Si l’on se permettait une métaphore végétale, on pourrait dire que le Prix Lumière qui, depuis 2009, a été décerné à Lyon à Clint Eastwood, Milos Forman, Gérard Depardieu, Ken Loach, Quentin Tarantino, Pedro Almodovar et Martin Scorsese, est un arbre qui cache la forêt. Un arbre qui, jusqu’à présent a pris l’apparence de chênes et qui, cette année, aura celle du charme — puisque c’est à Catherine Deneuve qu’il sera remis le 14 octobre prochain. Mais un arbre qui cache néanmoins une forêt de trésors cinéphiliques.
Le festival Lumière, qui se déroule cette année du 8 au 16 octobre dans la capitale des Gaules, n’est pas en effet uniquement centré sur la personnalité honorée.
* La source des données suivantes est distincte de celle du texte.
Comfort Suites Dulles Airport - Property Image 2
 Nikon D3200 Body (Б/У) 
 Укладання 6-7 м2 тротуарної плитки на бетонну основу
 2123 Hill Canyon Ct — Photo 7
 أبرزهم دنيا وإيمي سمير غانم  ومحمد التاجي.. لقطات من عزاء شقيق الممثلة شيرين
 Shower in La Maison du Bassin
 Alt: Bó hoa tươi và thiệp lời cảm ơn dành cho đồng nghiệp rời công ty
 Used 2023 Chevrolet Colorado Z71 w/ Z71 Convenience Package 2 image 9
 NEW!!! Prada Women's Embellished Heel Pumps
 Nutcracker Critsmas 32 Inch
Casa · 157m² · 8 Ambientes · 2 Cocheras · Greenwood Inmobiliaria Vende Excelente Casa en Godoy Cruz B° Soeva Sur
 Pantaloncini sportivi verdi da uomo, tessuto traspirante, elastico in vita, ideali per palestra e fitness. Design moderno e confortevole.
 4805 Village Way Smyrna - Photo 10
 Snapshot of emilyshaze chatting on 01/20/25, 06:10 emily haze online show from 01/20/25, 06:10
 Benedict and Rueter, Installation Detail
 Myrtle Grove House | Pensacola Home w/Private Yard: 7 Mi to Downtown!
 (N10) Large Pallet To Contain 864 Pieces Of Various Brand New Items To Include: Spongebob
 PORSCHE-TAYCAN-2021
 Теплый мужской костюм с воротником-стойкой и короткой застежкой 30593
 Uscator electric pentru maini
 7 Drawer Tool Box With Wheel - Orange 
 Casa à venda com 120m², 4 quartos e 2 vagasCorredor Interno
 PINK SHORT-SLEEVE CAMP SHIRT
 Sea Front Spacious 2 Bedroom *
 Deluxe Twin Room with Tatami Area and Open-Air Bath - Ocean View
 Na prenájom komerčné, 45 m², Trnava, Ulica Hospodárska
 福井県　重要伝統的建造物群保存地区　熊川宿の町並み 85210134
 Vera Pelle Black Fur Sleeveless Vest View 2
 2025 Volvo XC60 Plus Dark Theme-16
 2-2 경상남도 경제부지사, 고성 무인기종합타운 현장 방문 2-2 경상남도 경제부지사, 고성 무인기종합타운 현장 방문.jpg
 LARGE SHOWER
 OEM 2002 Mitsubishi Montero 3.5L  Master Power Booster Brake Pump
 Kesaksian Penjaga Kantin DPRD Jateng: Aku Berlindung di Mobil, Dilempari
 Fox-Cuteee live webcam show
Certes, on se réjouit de voir et revoir de nombreux films de Catherine Deneuve, beaucoup en sa présence, mais on saute tout autant de joie de savoir que, question rétrospectives, il y en aura pour tous les goûts, depuis le cinéma muet jusqu’à aujourd’hui. Les films de Buster Keaton seront de la revue mais aussi ceux de Marcel Carné et d’Antonio Pietrangeli, quelques autres où trottinent les monstres de la Universal, quelques-uns avec des reines de Hollywood, des raretés extirpées des archives du monde entier, une sélection orchestrée par Tarantino avec des films sortis en 1970… Il faudrait vraiment souffrir de xérostomie pour ne pas saliver sur cette programmation fournie.
Parmi les coups de cœurs de cette édition 2016, on notera le cycle consacré à Dorothy Arzner, une femme qui, dès les années trente, avait le toupet de diriger des films à Hollywood — ce qui, à quelques exceptions près, de Nell Shipman à Lois Weber, était à l’époque très rare. Maître d’œuvre du festival, l’Institut Lumière propose sept films réalisés par la dame entre 1930 et 1940 — sa carrière de cinéaste court de 1922 à 1943 —, dont les plus connus sont sans doute Christopher Strong (1933, La phalène d’argent) avec Katherine Hepburn et Dance, Girl, Dance (1940) avec Lucille Ball et Maureen O’Hara. Toujours au rayon des découvertes, on signalera également trois films d’Edward L. Cahn. Le premier, Law and Order (1932), formidable western sur l’histoire pas encore usée de Wyatt Earp, avait déjà été montré il y a quelques années. C’est dire si l’on attend avec impatience les deux autres, Afraid to Talk (1932) et Laughter in Hell (1933). Les conseiller est une façon de jouer sur du velours : les films américains baptisés Pré-Code, parce que tournés avant 1934 et l’instauration du code de censure, sont des joyaux. La plupart exhibent une liberté de ton et une modernité mises quelque peu en veilleuse par la suite dans la production courante. Les films de Cahn plus quatre autres interprétés par Eddie Constantine seront présentés par Bertrand Tavernier. Lequel propose également en avant-première son Voyage de plus de 3 heures à travers le cinéma français qui s’annonce passionnant, comme l’étaient déjà les deux précédents opus sur les productions américaines et italiennes dues à Martin Scorsese.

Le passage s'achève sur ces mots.